Personal circumstances – Nasiri

  1. Nasiri was born in Afghanistan but fled to Pakistan with his parents and four siblings at a young age. The family settled in Australia in 2003 when Nasiri was 12 years old. He was enrolled in a mainstream high school but left in Year 10 to commence an apprenticeship as a panel beater which he did not complete.

  2. Nasiri has a criminal record, first appearing in the Children’s Court in 2007 for an offence of robbery in company. He was put on probation. In September 2011 he was sentenced to a term of imprisonment for 3 years with a non-parole period of 18 months for two counts of robbery in company. The present offences were committed when Nasiri was on parole. His parole was revoked and he served the balance of the term from 21 September 2013 until 15 March 2014.

  3. At the time of the offending Nasiri lived with his family. His father is in poor health after suffering a stroke. His father also suffers from Parkinson’s disease and depression.

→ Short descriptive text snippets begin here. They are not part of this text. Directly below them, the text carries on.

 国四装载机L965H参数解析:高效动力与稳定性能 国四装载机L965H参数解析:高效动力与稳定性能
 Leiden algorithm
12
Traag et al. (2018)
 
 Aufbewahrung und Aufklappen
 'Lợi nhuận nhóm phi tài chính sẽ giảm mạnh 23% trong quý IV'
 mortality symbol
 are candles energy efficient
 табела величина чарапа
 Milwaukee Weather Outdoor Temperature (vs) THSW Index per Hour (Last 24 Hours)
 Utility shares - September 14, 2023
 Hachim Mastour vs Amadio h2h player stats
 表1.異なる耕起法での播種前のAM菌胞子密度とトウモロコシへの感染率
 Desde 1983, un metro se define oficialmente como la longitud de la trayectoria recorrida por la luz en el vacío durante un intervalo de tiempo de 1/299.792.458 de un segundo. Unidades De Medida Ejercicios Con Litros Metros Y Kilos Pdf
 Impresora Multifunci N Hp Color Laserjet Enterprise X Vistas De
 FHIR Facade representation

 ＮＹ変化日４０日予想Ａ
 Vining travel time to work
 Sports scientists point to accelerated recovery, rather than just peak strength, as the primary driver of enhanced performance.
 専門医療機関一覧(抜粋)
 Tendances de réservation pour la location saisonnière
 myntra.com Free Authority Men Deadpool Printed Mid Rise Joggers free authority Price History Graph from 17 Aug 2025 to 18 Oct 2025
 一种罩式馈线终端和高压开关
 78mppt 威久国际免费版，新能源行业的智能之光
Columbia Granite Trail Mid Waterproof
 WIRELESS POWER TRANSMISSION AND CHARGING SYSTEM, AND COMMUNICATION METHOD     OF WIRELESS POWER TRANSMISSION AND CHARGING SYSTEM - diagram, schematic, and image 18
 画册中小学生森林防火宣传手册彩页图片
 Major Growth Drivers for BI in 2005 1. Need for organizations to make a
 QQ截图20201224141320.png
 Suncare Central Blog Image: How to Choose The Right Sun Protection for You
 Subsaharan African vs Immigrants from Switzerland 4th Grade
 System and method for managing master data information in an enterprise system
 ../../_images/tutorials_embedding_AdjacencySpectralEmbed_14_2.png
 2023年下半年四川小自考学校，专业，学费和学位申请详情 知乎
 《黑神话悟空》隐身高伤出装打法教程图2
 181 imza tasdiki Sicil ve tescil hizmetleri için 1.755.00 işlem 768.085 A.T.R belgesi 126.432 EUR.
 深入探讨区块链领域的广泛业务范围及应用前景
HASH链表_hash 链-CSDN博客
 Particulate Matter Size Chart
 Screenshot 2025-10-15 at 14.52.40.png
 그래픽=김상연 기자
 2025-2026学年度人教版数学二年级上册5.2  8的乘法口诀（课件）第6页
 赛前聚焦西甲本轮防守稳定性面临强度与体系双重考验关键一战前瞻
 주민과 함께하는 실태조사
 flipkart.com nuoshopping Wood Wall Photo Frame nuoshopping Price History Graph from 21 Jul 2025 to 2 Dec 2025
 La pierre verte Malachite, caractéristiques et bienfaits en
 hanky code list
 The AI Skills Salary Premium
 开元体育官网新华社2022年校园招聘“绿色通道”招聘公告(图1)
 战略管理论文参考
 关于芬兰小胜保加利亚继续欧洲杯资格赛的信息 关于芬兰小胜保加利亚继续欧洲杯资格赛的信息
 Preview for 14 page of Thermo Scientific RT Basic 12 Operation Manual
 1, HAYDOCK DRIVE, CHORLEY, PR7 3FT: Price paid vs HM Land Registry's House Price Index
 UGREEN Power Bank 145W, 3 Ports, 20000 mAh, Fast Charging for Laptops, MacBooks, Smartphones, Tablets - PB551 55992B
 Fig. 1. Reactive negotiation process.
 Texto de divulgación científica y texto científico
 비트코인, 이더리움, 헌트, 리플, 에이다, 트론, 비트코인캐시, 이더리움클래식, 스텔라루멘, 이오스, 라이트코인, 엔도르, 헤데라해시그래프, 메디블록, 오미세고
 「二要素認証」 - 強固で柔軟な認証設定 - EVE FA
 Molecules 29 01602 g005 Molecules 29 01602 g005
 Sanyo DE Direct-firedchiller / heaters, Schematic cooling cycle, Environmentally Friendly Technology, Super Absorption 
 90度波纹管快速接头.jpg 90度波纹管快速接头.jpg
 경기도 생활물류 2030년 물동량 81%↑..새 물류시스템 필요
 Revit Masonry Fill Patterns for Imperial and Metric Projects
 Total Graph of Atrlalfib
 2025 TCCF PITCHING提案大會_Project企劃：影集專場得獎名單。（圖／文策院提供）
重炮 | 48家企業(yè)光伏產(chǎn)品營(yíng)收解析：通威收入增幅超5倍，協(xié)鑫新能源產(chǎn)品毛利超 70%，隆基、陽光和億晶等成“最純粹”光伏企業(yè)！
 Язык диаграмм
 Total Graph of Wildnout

  4. Nasiri told a probation and parole officer that he does not consider himself a member of Brothers for Life and that he does not have ongoing contact with any of its members.

The applicant Akbari

Ground 1 – Error in failing to give sufficient weight to the applicant’s mental illness

  1. Submissions on behalf of the applicant Akbari drew attention to the following passage from the judge's sentencing remarks where his Honour was discussing the applicant's conduct in relation Count 1:

"The offending by Mr Akbari occurred against a background of illicit drug use. Whilst drug taking may provide the context in which the offender associated with members of the 'Brothers for Life' criminal group, I am not of the view that drug taking significantly reduces the moral culpability of the offender. The conduct of the offender was purposeful. There is nothing before me upon which it could be concluded that the offender's judgment was significantly impaired."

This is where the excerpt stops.